ASSIGNED TASK: Exclude every picture. Output verbatim the lines from the one containing "Écharpe douce hiver" to the end of the data.

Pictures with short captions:
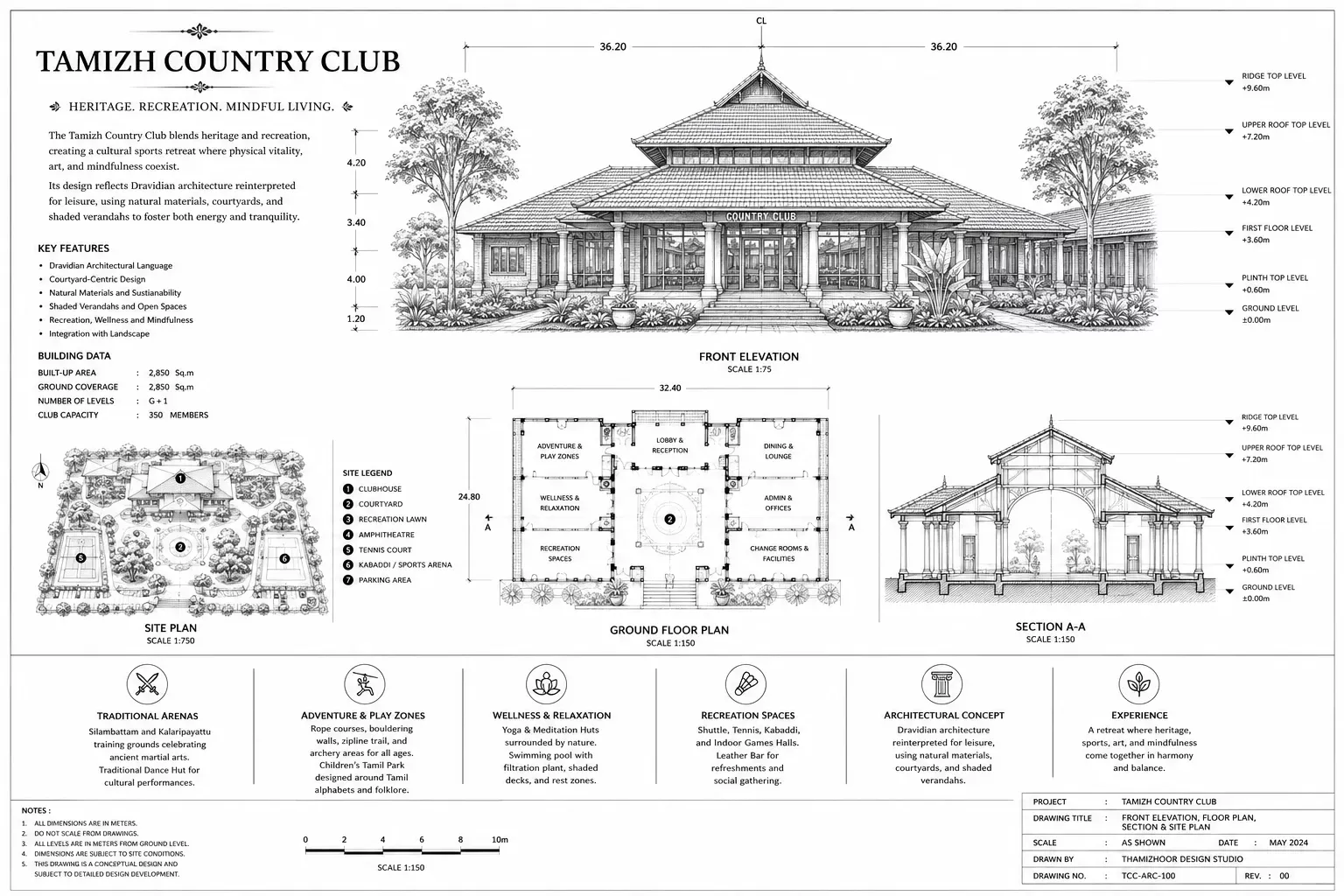 Thamizh Country Club — the open Thamizh countryside and farmland of the estate
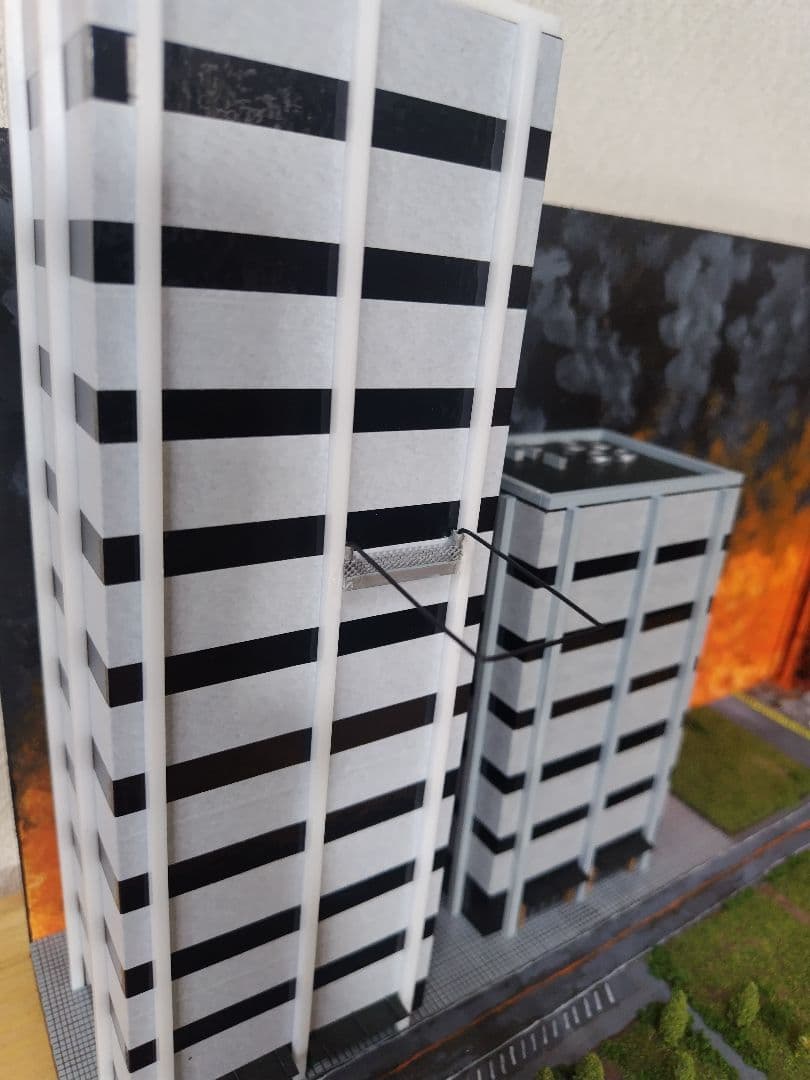 ジオラマ模型　ゴジラvsスーパーX2！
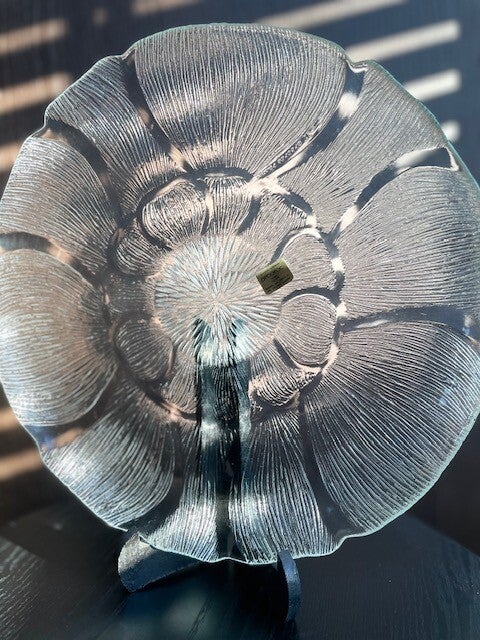 Arcoroc France vintage glazen borden set 4-delig 'Fleur'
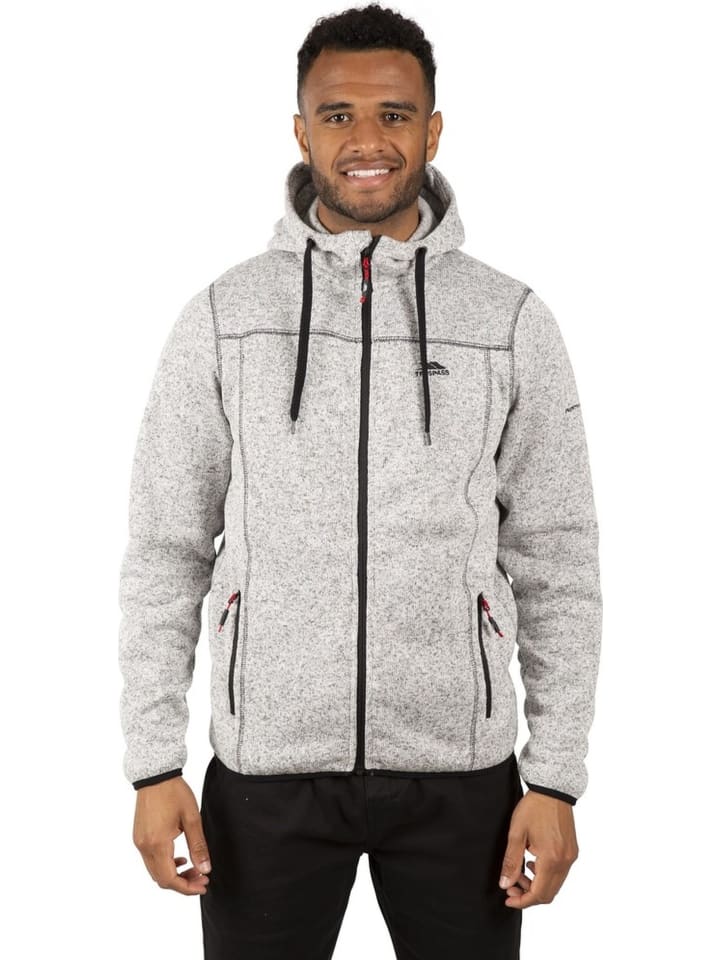 Fleecejacke/Fleecepullover in Beige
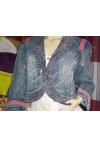 veste jean MetFG modèle Francesca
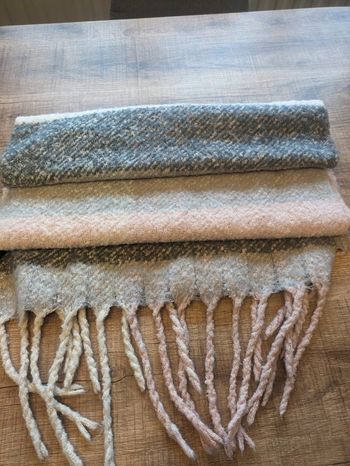 Écharpe douce hiver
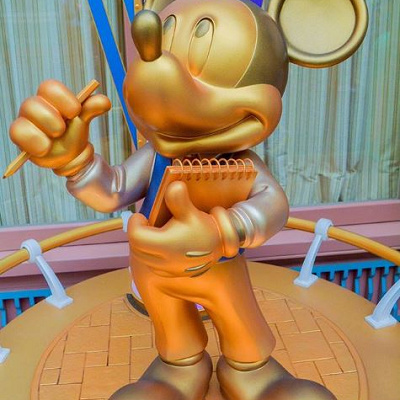 ワールドバザールのハピエストミッキースポット 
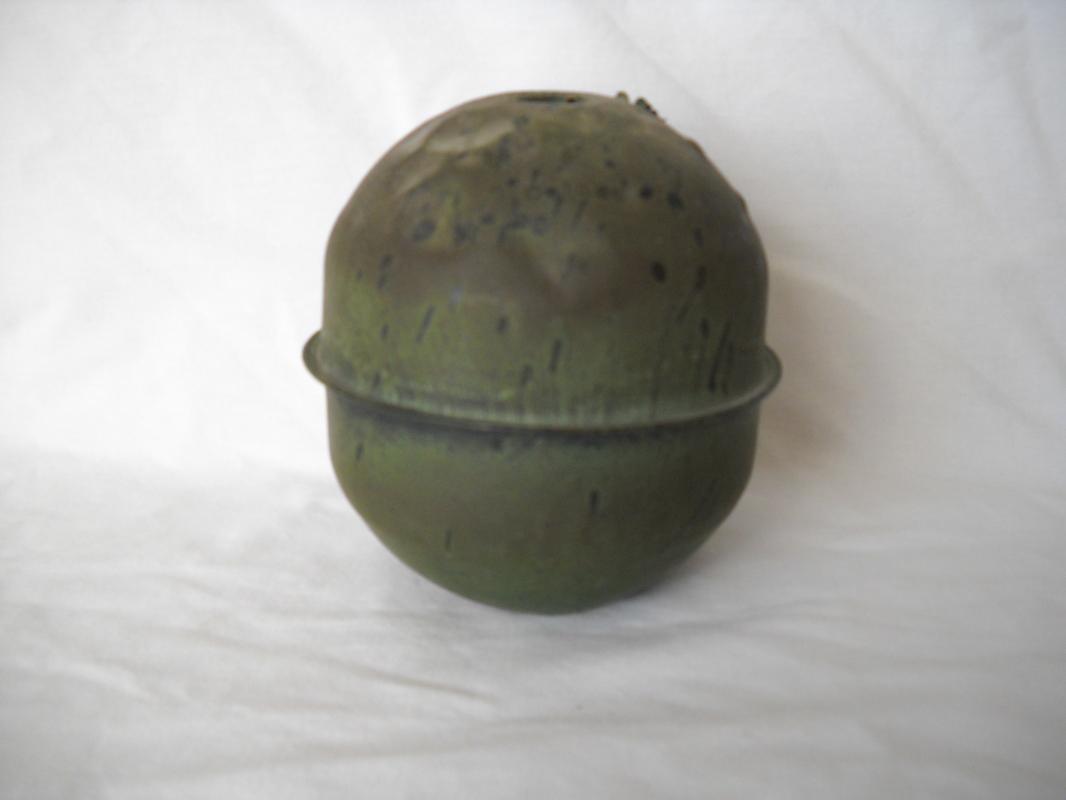 RARE Antique copper lighting rod ball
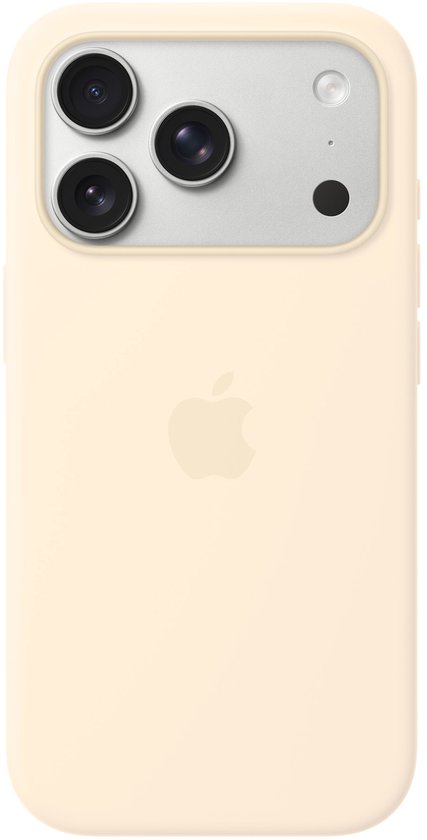 Housse en silicone Apple avec MagSafe pour iPhone 17 Pro - Vanille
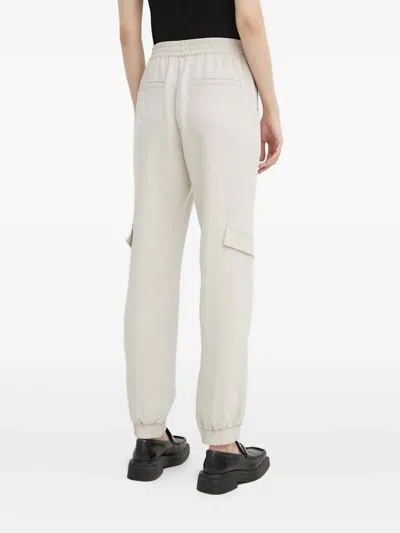 Bruuns Bazaar Elastic-waist Cargo Track Pants In Orange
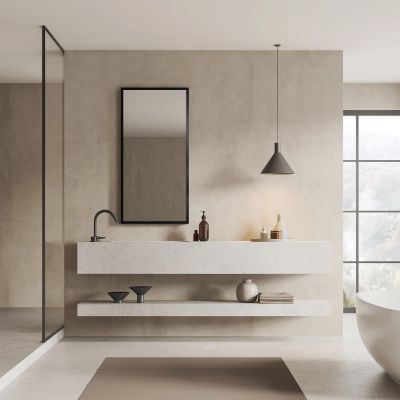 Ars Longa Linea lustro 73x73 cm kwadratowe czarne LINEA7070-C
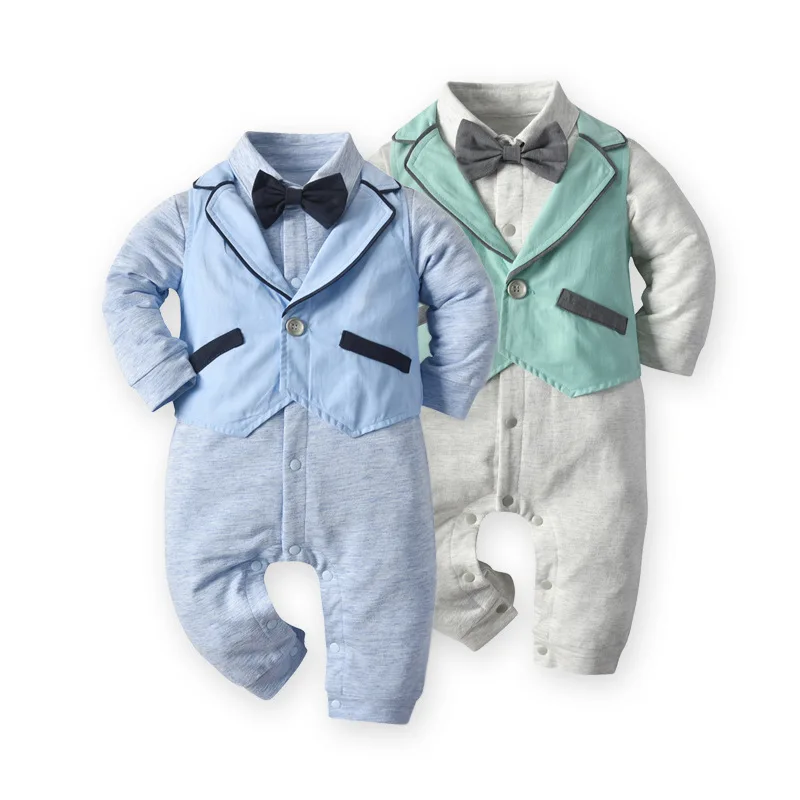 Baby's Clothing Set Spring Autumn Baby Boy Clothing Rompers One-Pieces Suit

ANSWER BOX:
 Écharpe douce hiver
 ワールドバザールのハピエストミッキースポット 
 RARE Antique copper lighting rod ball
 Housse en silicone Apple avec MagSafe pour iPhone 17 Pro - Vanille
 Bruuns Bazaar Elastic-waist Cargo Track Pants In Orange
 Ars Longa Linea lustro 73x73 cm kwadratowe czarne LINEA7070-C
 Baby's Clothing Set Spring Autumn Baby Boy Clothing Rompers One-Pieces Suit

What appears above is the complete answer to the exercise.